Allein deshalb macht ein solches Szenario keinen Sinn. Will Putin tatsächlich den großen Krieg mit den USA, dann muss er diesen unerwartet beginnen – mit einem atomaren Hammerschlag, weil alles andere seine Gewinnchance gegen null brächte. Eine Kriegserklärung auf dem Roten Platz wäre atomarer Selbstmord Russlands – unabhängig davon, wie viel vom Rest der Welt unverschont bliebe. Das macht folglich selbst für Putin keinerlei Sinn.
Hätte Putin den großen Krieg gegen seinen Erzfeind führen wollen, dann hätte er dieses zu einem Zeitpunkt tun müssen, als die USA noch nicht darauf eingerichtet waren. Nun aber ist das US-Militär in Habachtstellung – und es wird derart schnell sein, dass Russland vielleicht noch einen Gegenschlag einleiten kann, nicht aber die Vernichtung des eigenen Landes verhindern.
Insofern können wir Szenarien, Putin werde am 9. Mai den Großen Krieg erklären, erst einmal in die Kiste der wilden Drohungsspekulationen legen. Ein russischer, strategischer Atomwaffeneinsatz wird nur die letzte Verzweiflungstat sein können eines Mannes, der alles verloren hat und sich dafür an der Welt rächen möchte. So weit ist es allerdings noch lange nicht – auch dann nicht, wenn Putins Russland am Ende in der Ukraine tatsächlich mit leeren Händen und unüberschaubaren Verlusten dastehen sollte.
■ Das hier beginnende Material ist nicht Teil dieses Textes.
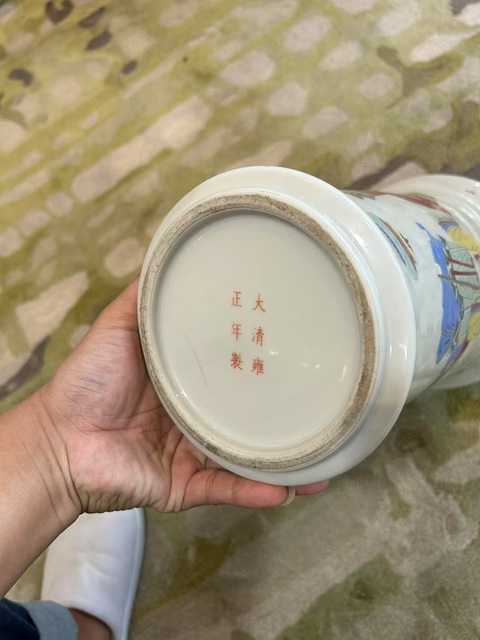 古玩陶瓷粉彩人物故事紋撇口瓶真品鑒賞圖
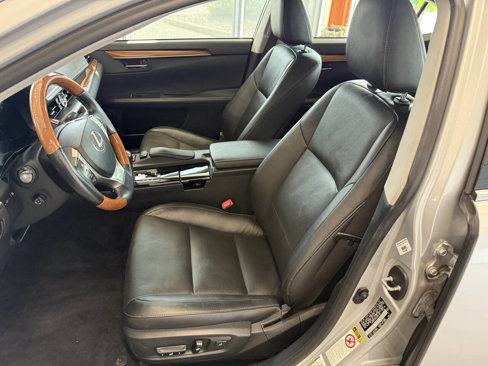 Used 2014 Lexus ES 300h image 18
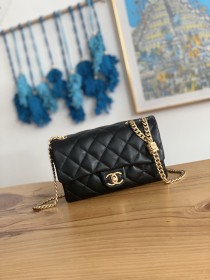  Handbag  Chanel  AS3393  size  14x22x8 cm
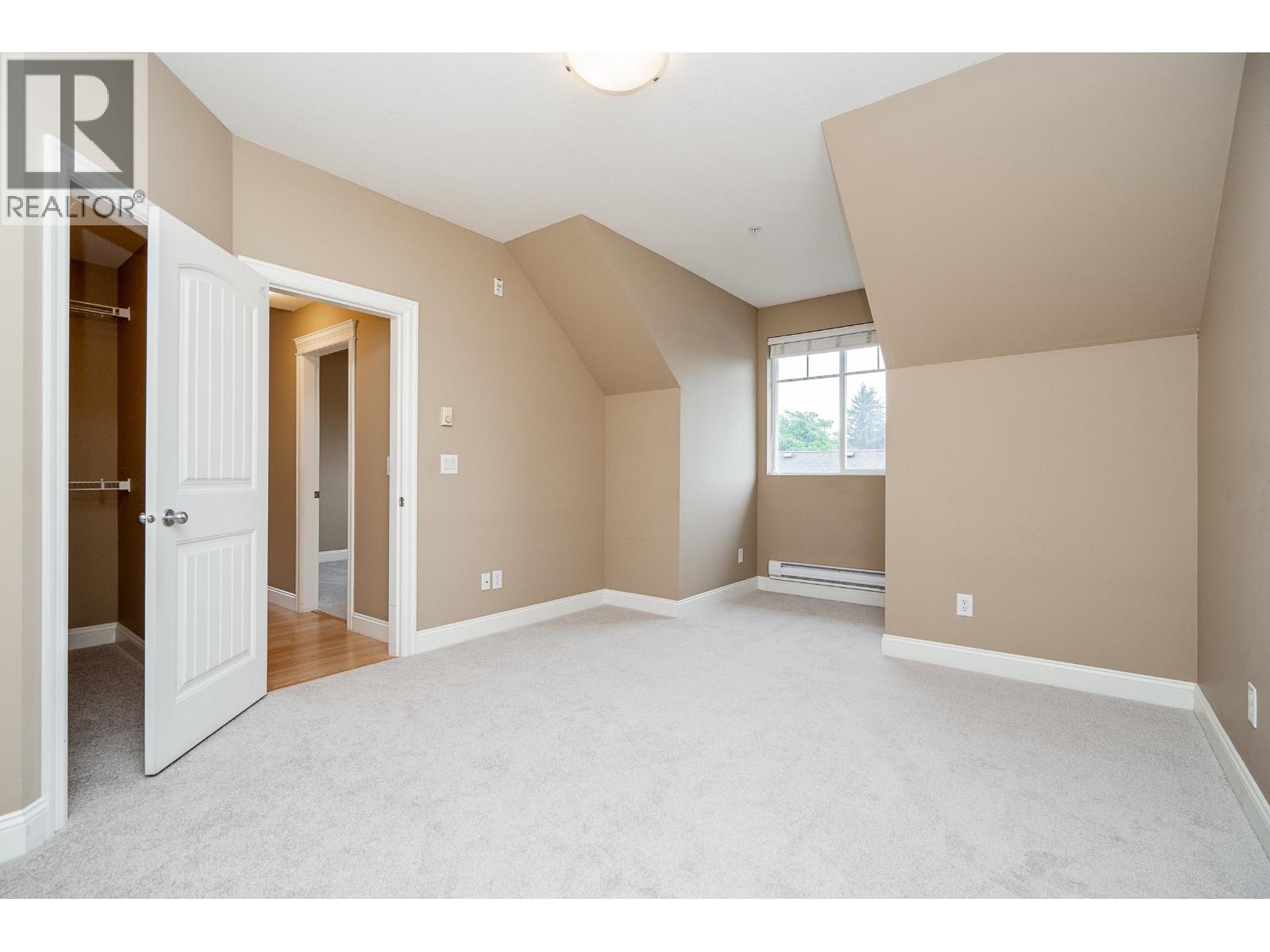 301 22150 Dewdney Trunk Road Property Photo 20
Das machte auf seine bärbeißig-verschlüsselte Art auch Russlands Außenminister Sergej Lawrow deutlich, als er am 29. April die Öffentlichkeit suchte. Zwar beschimpfte er in üblicher Rhetorik den Westen wegen der Ukraine-Unterstützung, doch unterstrich er ebenso deutlich, dass sich Russland nicht mit der Nato im Krieg befinde. Und die Atomkriegsszenarien seien nichts anderes als Sensationshascherei westlicher Medien. Niemand sonst habe daran Interesse.
Lawrow wird wissen, warum er etwas Dampf aus dem Kessel nimmt. Wie Sting es in den Achtzigern sang: „I hope the russians love their children too“. Russland wird am Ende mehr sein als Putin, auch wenn es dem Leningrader Gassenjungen gegenwärtig noch gelingen mag, seine Russen mit Propaganda-Trommelfeuer in einen mörderischen Überfall auf die Nachbarn und in die Selbstzerstörung zu manövrieren. Lawrow allerdings scheint mittlerweile zu ahnen, dass hier etwas gewaltig aus dem Ruder gelaufen ist.